Last week, I read an article in the newspaper that I knew would eventually get picked up by one of the blogs I regularly read. Sure enough, over the weekend that blog put up a brief blog post that wasn’t very happy with some of the content in the newspaper article. Fair enough. It’s the sort of thing I do all the time. Reading through the comments, what struck me was the number of readers who felt that the blog post was out of place. Principally, they wondered why the blog post couldn’t have been left in the comments of the original article, or even at the author’s own blog. From their point of view, publishing a critical blog post in such a way was almost as though the original author was being “called out” with less chance of a right of reply.
Now, this is interesting. I don’t deal with many trolls (this blog might be a bit too dry for them) but I see them in action elsewhere. Usually, when they complain about censorship because their comments have been moderated, it’s fairly standard for someone else to point out that nothing is stopping them from going and starting their own blog where they will be free to say whatever they want. But that isn’t what trolls really want, is it? They want to say whatever they want at that blog, and I have no doubt that for some of them, being able to whine about their free speech being suppressed is half the fun of saying things they know will be regarded as offensive or inappropriate.
In the case of established blogs or authors, however, what is the procedure for critiquing the work of others? This is especially tricky when people may have guest-blogged for each other and have previously been considered colleagues or allies. If you go over to their blog to rip their post to threads, are you trolling? On the other hand, if you take the time to put together a post of your own and then detail what you think is wrong, are you supposed to contact your acquaintance beforehand to offer right of reply or to give notice of your criticism?
In the case of the article and the weekend blog post, the waters were further muddied by the fact that the article was published by a third party, the newspaper, rather than the author’s own blog. Reader comments on the article were enabled, so it was not a question of needing to blog about it because there was no other way of expressing an opinion. Nevertheless, a number of readers were uneasy at the blog post, not only for its tone, but also because it could be interpreted as an attack. This in one of those corners of the internet where most people are friends rather than enemies and generally try to keep discussions civil.
Generally, through sheer laziness, I’m more likely to leave a comment on a blog post I don’t like, rather than write a rebuttal post of my own. Plus it means that my comments can generally be seen by others who have read the post and they can then judge for themselves whether I have any salient points to make or whether I am just a frothing reactionary. The blog author can also add clarifications, and again people will be able to see them, and that is generally how discussions work. As I don’t tend to go looking for trouble, it’s very unlikely that I’ll end up in a flame war.

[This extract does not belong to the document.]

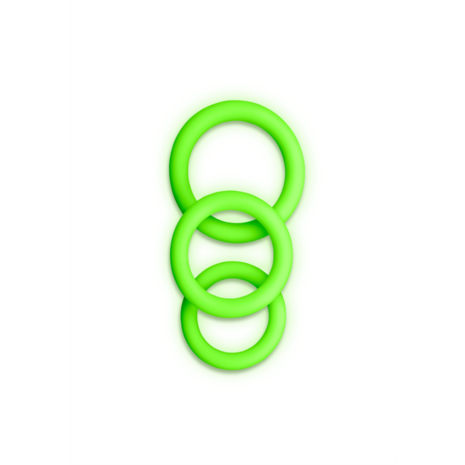 Cockring Set - Glow in the Dark - 3 Pieces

On the other hand, if I do go to the trouble of crafting a blog post in response to something I have read, simple human decency demands that I offer the subject of my ire a right of reply in the comments. Do I warn them in advance that I’ll be blogging about them? Not usually. But I do let them have their say in the comments, and don’t moderate or censor them. That would be unfair, and also dishonest to anyone else who tried to follow the debate. While my blog may be “my turf,” ragging on somebody else’s work and then blocking them from saying anything here is akin to a kid who throws rocks and then hides behinds their mother’s skirts when people start looking for the culprit.
There are no hard and fast rules of discourse on the internet, and different people will have their own opinions about how to handle discussing contentious or controversial issues. One person’s dissenting viewpoint is another person’s troll. When things get heated, it can be tempting to retreat to the safe haven of one’s own space to let someone have it with both barrels, but I don’t think this achieves anything or moves the conversation forward. Better, in my opinion, to take the argument to them and duke things out on their terms. At least then they won’t be able to accuse you of fighting dirty.